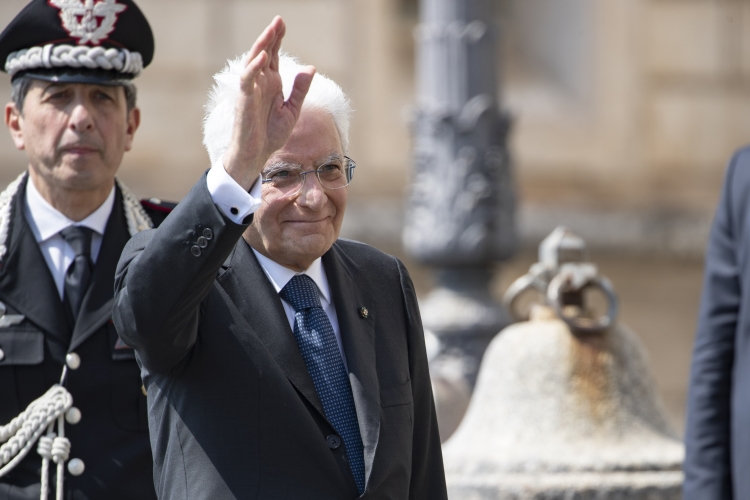 Il Presidente della Repubblica Sergio Mattarella durante il Cambio solenne della Guardia d'Onore da parte del Reggimento Corazzieri a cavallo con la Fanfara del IV Reggimento Carabinieri a cavallo, in occasione della Festa della Repubblica
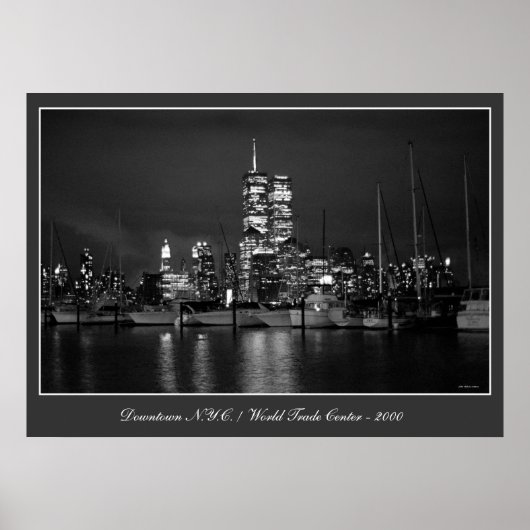 Twin Towers by Night Poster (Vorne)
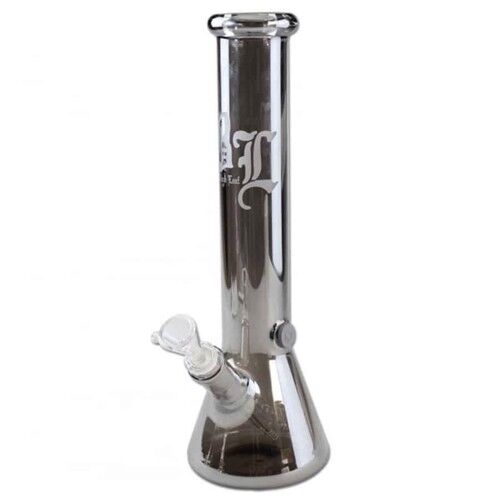 En bongs struktur præsenterer sig med en slank, buet form i en mat sort farve med en metallisk effekt, der reflekterer lys. Den har en rund, stabil base og en lang hals, der afsluttes med en krum mundstykke. Der er en indbygget skål til urter, som sidder på siden. Overfladen viser en glat tekstur med subtile mønstre.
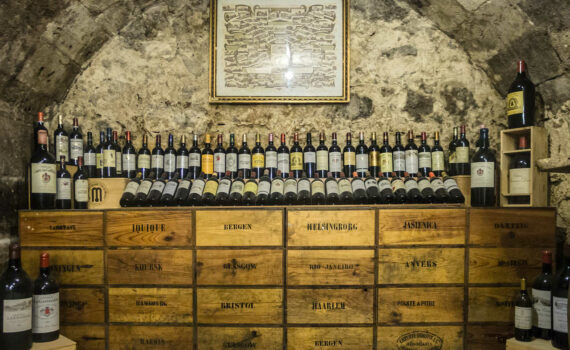 Investir dans le vin Bordeaux Bourgogne Grand cru cave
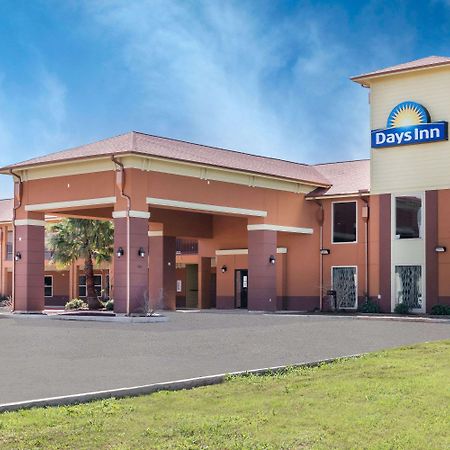 Days Inn By Wyndham Dilley Dış mekan fotoğraf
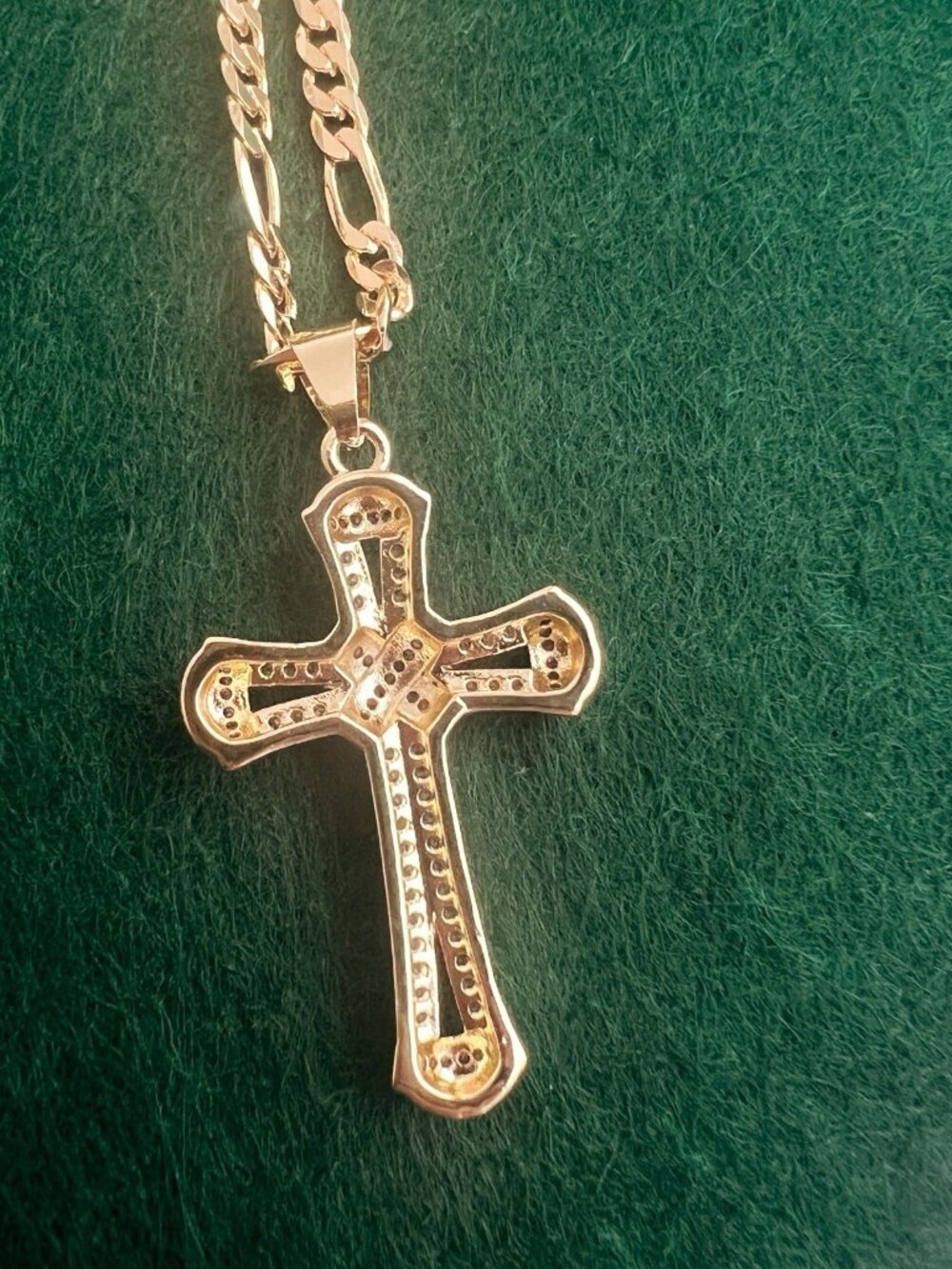 Italy Gold Plated Stainless Steel Cross Necklace 22” Figaro Chain - Picture 9 of 9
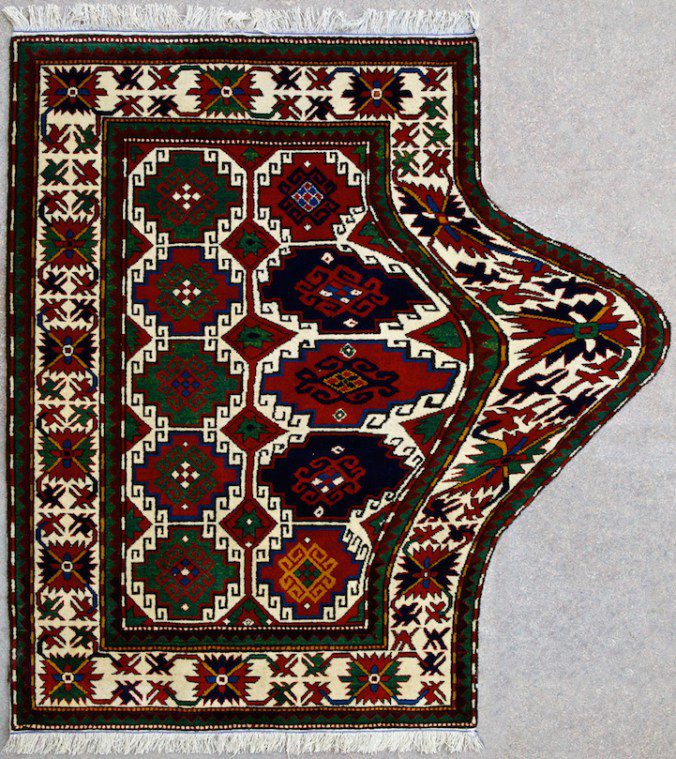 Creating Physical Distortions Into Traditional Carpets 4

• _Task brief_
Print all the records exactly, minus any images.

• _Answer for the task_
 Il Presidente della Repubblica Sergio Mattarella durante il Cambio solenne della Guardia d'Onore da parte del Reggimento Corazzieri a cavallo con la Fanfara del IV Reggimento Carabinieri a cavallo, in occasione della Festa della Repubblica
 Twin Towers by Night Poster (Vorne)
 En bongs struktur præsenterer sig med en slank, buet form i en mat sort farve med en metallisk effekt, der reflekterer lys. Den har en rund, stabil base og en lang hals, der afsluttes med en krum mundstykke. Der er en indbygget skål til urter, som sidder på siden. Overfladen viser en glat tekstur med subtile mønstre.
 Investir dans le vin Bordeaux Bourgogne Grand cru cave
 Days Inn By Wyndham Dilley Dış mekan fotoğraf
 Italy Gold Plated Stainless Steel Cross Necklace 22” Figaro Chain - Picture 9 of 9
 Creating Physical Distortions Into Traditional Carpets 4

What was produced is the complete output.